* **Requirement**
Write out each line of the material exactly as given, and drop the images.

* **Dataset extract**

---

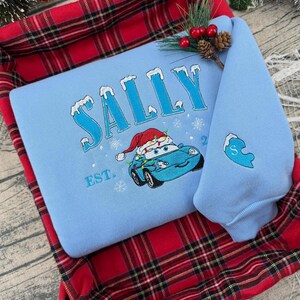 Puede incluir: Sudadera azul claro con el nombre "SALLY" bordado en azul con detalles de nieve. Presenta un coche de dibujos animados con un gorro de Pap&aacute; Noel y luces navide&ntilde;as. La manga tiene un coraz&oacute;n azul con la letra "S".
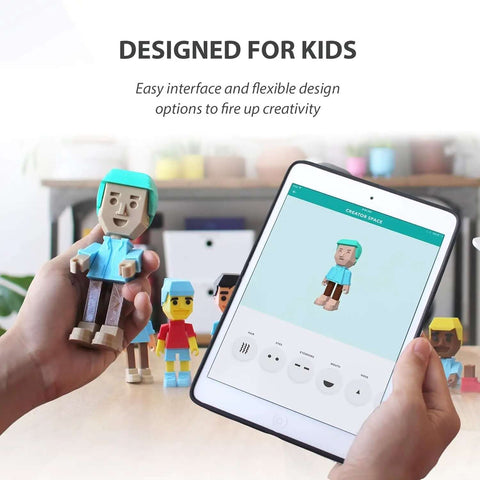 Child holds 3D printed toy and tablet app, Beginner Friendly 3D Printer For Kids With Easy Setup And Safe Design shown in use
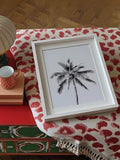 Monochrome coconut palm poster in a dark wood frame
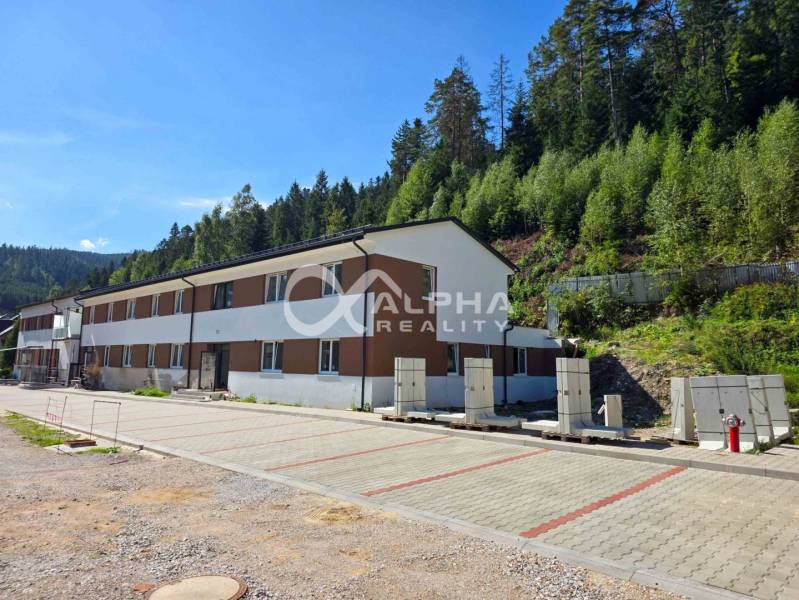 An apartment complex in Spišská Nová Ves surrounded by greenery, with paved parking areas in front of the building.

---

* **Response for this exercise**
 Puede incluir: Sudadera azul claro con el nombre "SALLY" bordado en azul con detalles de nieve. Presenta un coche de dibujos animados con un gorro de Pap&aacute; Noel y luces navide&ntilde;as. La manga tiene un coraz&oacute;n azul con la letra "S".
 Child holds 3D printed toy and tablet app, Beginner Friendly 3D Printer For Kids With Easy Setup And Safe Design shown in use
 Monochrome coconut palm poster in a dark wood frame
 An apartment complex in Spišská Nová Ves surrounded by greenery, with paved parking areas in front of the building.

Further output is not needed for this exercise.